(Input material begins)
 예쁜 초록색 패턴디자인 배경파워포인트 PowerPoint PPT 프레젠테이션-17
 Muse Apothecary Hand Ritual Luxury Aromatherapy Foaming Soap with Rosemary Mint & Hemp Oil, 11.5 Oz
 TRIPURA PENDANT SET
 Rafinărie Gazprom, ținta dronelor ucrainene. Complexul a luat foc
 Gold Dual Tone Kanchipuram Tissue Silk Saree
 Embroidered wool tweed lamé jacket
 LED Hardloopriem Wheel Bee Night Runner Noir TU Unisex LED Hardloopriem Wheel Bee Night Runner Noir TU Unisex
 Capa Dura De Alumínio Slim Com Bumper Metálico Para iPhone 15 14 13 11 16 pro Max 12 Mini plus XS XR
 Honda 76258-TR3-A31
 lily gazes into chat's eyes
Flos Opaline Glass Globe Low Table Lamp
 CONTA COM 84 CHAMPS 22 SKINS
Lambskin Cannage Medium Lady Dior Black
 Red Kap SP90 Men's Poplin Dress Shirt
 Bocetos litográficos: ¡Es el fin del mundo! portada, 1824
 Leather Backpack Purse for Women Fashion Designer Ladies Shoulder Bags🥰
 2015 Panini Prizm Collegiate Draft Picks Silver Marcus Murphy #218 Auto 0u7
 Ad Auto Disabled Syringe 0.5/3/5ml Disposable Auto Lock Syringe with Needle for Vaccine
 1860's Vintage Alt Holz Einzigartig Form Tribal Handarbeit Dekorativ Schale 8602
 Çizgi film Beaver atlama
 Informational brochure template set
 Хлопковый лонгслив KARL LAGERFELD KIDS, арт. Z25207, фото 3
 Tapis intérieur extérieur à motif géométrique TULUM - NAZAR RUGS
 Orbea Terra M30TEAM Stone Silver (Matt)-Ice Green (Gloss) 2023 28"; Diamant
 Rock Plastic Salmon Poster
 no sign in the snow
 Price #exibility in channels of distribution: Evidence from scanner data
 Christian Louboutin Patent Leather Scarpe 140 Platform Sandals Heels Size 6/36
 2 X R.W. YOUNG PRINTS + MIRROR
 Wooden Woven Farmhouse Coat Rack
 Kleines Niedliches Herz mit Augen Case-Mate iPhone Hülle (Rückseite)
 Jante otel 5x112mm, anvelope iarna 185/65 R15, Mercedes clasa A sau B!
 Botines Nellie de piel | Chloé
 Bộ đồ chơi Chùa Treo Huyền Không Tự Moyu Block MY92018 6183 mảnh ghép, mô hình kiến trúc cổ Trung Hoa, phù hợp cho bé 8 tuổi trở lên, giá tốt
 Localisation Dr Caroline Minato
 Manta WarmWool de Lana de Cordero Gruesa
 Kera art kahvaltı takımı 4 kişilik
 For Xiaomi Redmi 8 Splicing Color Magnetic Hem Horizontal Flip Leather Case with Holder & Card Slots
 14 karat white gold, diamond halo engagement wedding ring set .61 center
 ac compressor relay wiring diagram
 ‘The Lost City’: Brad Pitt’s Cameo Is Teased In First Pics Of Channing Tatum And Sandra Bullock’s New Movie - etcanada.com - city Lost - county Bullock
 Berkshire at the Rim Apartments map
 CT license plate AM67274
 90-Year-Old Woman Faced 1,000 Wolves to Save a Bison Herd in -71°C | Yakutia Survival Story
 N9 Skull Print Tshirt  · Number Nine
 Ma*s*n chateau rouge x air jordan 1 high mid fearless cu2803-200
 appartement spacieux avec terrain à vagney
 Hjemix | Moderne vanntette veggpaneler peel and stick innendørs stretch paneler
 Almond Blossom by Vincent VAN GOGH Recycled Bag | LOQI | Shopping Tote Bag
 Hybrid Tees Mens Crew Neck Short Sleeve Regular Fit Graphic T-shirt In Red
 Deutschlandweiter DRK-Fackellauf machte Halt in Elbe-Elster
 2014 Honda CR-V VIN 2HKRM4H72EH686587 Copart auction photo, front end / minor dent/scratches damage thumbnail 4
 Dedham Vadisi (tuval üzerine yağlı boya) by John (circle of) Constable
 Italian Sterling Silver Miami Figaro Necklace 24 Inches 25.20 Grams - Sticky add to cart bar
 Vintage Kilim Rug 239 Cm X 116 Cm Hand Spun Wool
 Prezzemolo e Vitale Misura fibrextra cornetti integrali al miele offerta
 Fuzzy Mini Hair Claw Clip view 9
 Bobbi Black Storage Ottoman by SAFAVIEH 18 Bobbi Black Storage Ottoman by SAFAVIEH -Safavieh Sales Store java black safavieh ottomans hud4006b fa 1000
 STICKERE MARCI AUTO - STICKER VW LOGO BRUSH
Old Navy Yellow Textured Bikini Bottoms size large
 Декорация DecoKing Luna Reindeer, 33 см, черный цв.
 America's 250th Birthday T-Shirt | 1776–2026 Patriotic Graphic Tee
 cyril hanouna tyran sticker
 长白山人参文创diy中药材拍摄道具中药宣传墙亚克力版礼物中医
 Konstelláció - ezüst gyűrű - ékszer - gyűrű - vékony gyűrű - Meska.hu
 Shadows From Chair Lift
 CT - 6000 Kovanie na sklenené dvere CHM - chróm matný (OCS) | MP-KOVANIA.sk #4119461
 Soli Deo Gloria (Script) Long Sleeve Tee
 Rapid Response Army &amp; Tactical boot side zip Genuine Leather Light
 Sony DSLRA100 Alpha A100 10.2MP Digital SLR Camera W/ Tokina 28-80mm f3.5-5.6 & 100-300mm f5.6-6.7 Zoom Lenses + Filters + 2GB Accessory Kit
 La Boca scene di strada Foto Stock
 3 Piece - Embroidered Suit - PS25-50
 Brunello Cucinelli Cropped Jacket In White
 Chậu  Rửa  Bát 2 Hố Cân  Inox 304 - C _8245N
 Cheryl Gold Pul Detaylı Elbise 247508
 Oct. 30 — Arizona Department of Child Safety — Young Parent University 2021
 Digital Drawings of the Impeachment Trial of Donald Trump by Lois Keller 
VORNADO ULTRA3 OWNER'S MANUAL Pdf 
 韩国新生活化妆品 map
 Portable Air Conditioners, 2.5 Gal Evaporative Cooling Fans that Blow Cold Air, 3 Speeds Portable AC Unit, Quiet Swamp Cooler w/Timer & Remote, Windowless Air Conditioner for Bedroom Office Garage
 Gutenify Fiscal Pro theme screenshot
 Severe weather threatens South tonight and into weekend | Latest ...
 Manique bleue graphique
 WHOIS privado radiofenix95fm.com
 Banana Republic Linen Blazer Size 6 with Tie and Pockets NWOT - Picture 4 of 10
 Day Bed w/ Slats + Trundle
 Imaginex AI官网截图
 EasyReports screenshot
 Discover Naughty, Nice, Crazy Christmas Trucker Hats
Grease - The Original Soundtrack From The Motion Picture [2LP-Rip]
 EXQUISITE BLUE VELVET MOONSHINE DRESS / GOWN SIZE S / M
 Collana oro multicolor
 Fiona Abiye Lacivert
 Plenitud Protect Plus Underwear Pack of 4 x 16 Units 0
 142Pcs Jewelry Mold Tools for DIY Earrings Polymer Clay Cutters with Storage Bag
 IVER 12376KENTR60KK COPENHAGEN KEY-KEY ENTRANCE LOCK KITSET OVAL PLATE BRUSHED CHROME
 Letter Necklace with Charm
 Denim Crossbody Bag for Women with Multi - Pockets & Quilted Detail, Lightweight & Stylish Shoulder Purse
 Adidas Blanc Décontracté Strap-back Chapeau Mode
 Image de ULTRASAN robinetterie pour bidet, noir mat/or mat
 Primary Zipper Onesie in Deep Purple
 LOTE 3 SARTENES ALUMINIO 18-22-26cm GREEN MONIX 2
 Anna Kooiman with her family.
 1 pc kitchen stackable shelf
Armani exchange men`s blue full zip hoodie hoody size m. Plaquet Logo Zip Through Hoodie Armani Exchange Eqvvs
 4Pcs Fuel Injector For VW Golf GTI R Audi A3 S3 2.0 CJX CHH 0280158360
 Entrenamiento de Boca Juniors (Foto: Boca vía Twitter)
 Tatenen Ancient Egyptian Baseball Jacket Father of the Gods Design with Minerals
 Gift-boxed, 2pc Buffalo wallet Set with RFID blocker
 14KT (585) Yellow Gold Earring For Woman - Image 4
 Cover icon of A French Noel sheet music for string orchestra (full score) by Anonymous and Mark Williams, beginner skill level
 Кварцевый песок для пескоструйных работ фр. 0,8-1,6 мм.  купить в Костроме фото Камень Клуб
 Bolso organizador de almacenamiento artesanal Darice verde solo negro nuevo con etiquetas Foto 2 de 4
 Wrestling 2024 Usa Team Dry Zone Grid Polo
(Input material ends)
Among the lines above, find those holding "Boca" and copy each one.

 La Boca scene di strada Foto Stock
 Entrenamiento de Boca Juniors (Foto: Boca vía Twitter)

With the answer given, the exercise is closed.